Bob Bury

The last word on the Health and Social Care Bill

Remember the Darzi centres (or khazi centres, as they rapidly became known to the Unbelievers)? These were the walk-in surgeries championed by Lord Darzi in his much-trumpeted review of the NHS. They were designed to give patients, particularly commuters, easier access to GP services – patient choice being, of course, the paramount concern.

Now, you may recall that a lot of people, well, pretty much everyone really, pointed out that duplicating provision in this way by insisting on setting up these centres even in areas which were already well-provided for by GPs, ‘nice’ though it might be, wasn’t perhaps the most sensible way to use resources which were already overstretched. But New Labour had the bit between their teeth, and clinics mushroomed across the country, including my home patch of Leeds.

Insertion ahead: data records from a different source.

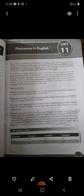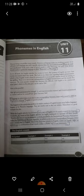We already know that in English there are 26 alphabets. But when we go to the sound system of English, we find that there are 44 sounds in English. And in this chapter, we are going to study the sound system of the English language.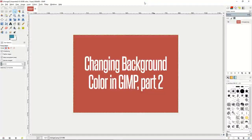Welcome to the next in our tutorials about GIMP. In this tutorial we're going to show you how to change the background color in GIMP. This will be part two of our tutorials showing you how to change the background color.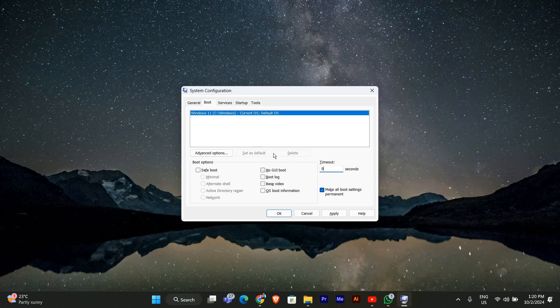If you have multiple operating systems listed, select the one you use most often and then click the set as default button. This will ensure that this OS automatically boots when you start your computer.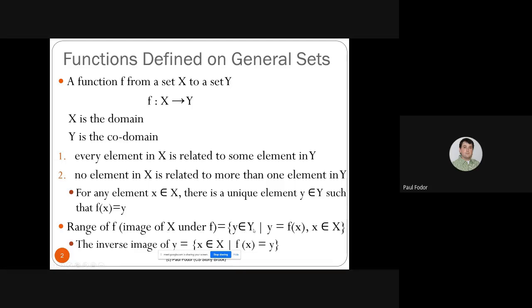The range of F, or the image of X under F, is the set of all y's in the codomain such that y equals F(x) for some x in the domain. So the range is basically the subset of Y whose values correspond to a value in the domain. A function is a relation between a domain and a codomain with two requirements: every element in the domain has a value in the codomain, and every element in the domain has a single value in the codomain.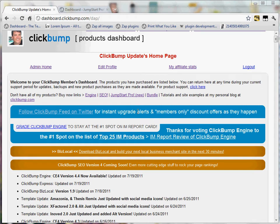This video will demonstrate the installation of the Jumpstart Pro product. The first thing you see on the screen is the dashboard, the downloads dashboard, where you will access the product.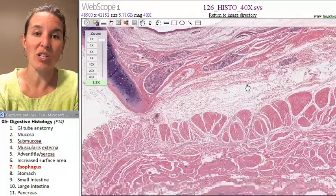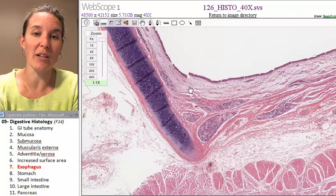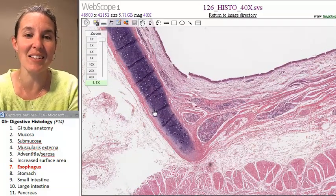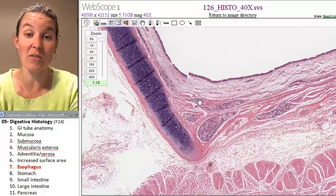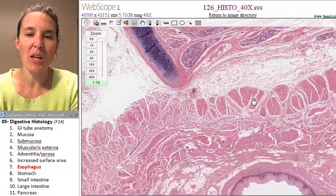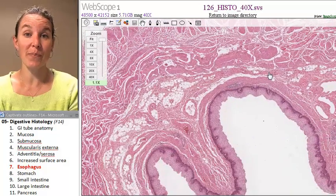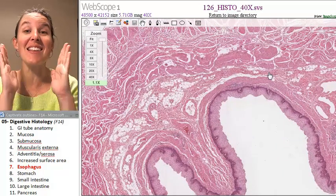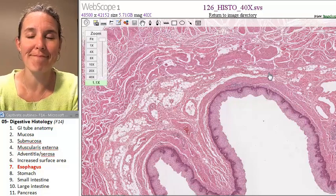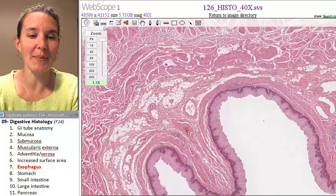We've actually got some trachea over here. Trachea actually has the same layers as the rest of your digestive system — it's just made of different things. So: is the epithelium stratified squamous? If it is, you're in the esophagus. Done.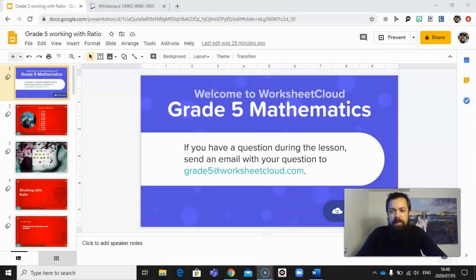Greetings all you mathematicians out there, all you fabulous grade fives. Welcome to another lesson of maths. Let's jump in.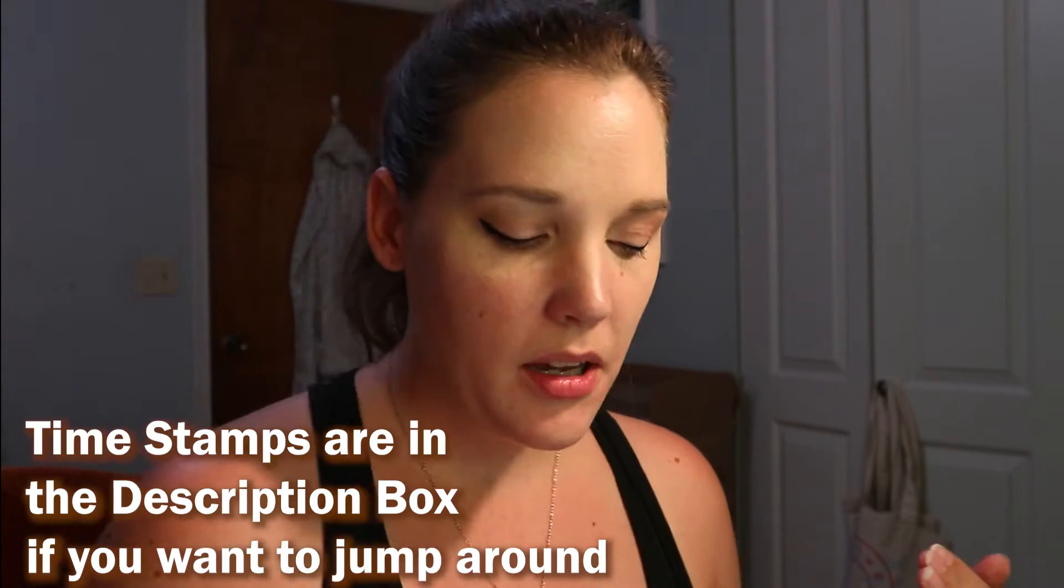Hello creatives and welcome back to my channel. Today we're going to explore the brand new Illustrator on the iPad. We're going to see is it actually worth it?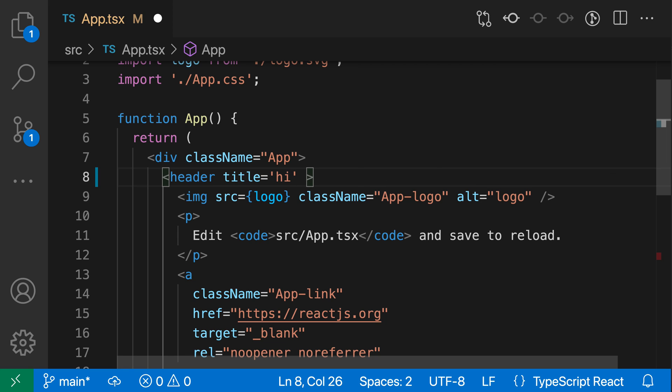Now, the attribute value completions will try to be smart. So in this case, title was a string, so it used the string syntax here, but let's say I was completing something that was an object or a more complex thing like a function.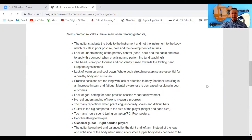Lack of warm-up and cool-down — this is of course really essential. The guitar is a very physical instrument, so you've got to make sure your body is warmed up and that you cool down afterwards. There are loads of body strengthening exercises you can do in between your practicing sessions as well — it's going to make you feel a lot better.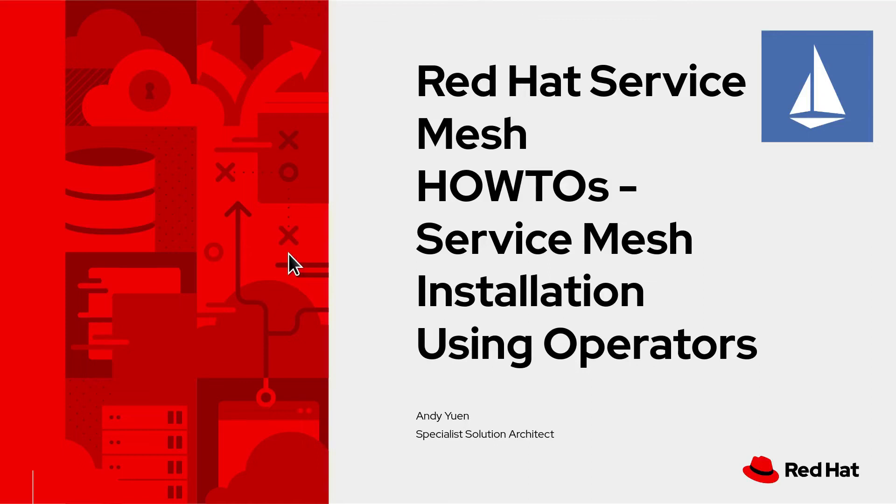Welcome back to my Service Mesh how-to video series. Today I'm going to show you how to install Service Mesh on OpenShift using the OpenShift console and operators.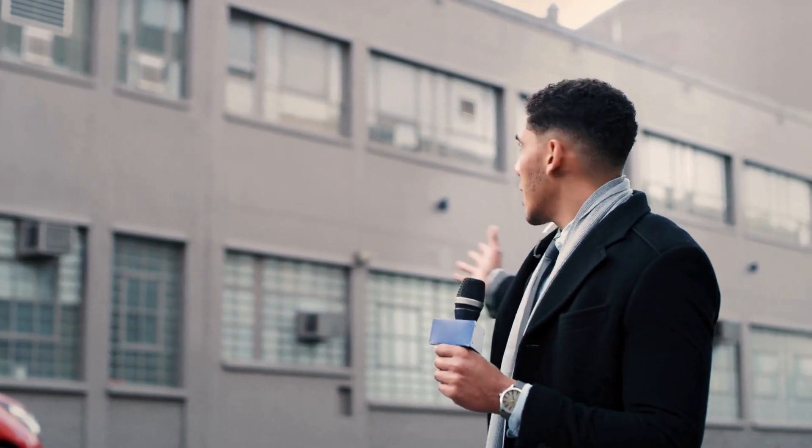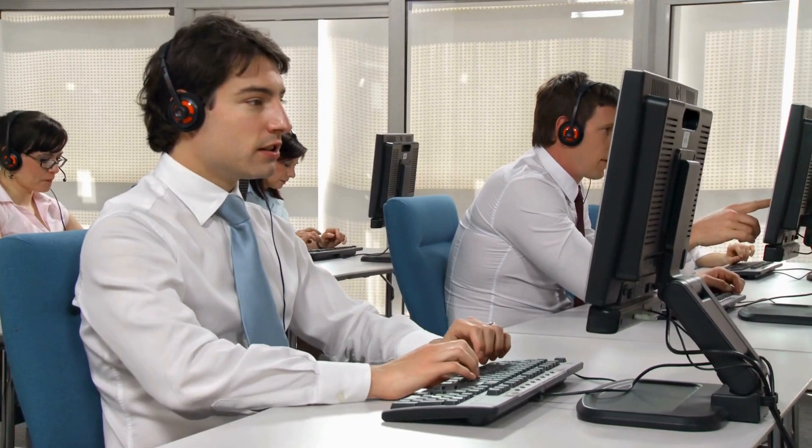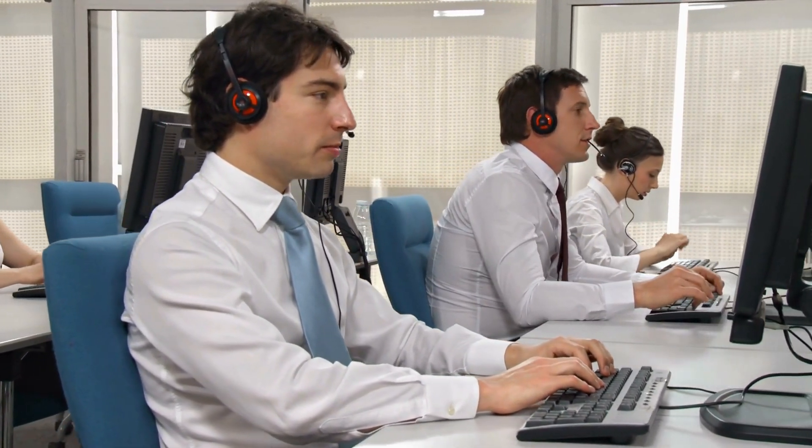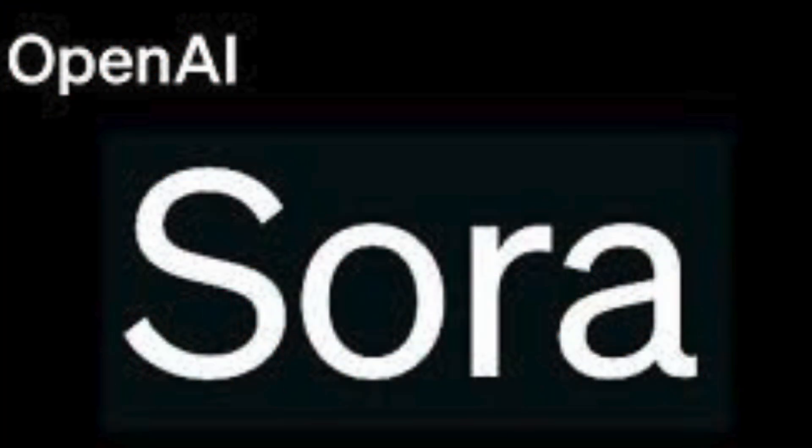Ladies and gentlemen, welcome to my channel and get ready to embark on an extraordinary journey into the future of content creation. Today, I am thrilled to introduce you to a groundbreaking innovation that will completely revolutionize how we communicate and captivate audiences worldwide. OpenAI Sora.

Now they are closing them down.

I would pose the rhetorical question ‘why’, but it hardly needs asking. When walk-in clinics in the South were being closed earlier this year, the associate director of communications and engagement (sic!) at the relevant PCT explained the issue very simply: “The majority of patients who have been using the centres could quite easily have used another service…they created a demand which wasn’t there before.” In other words, exactly the problem which was predicted when the centres were first mooted.

The story was the same in Leeds – only 20% of the people passing through the doors of the new centres were the commuters for whom the service was designed, and most patients were already registered with GPs in the area.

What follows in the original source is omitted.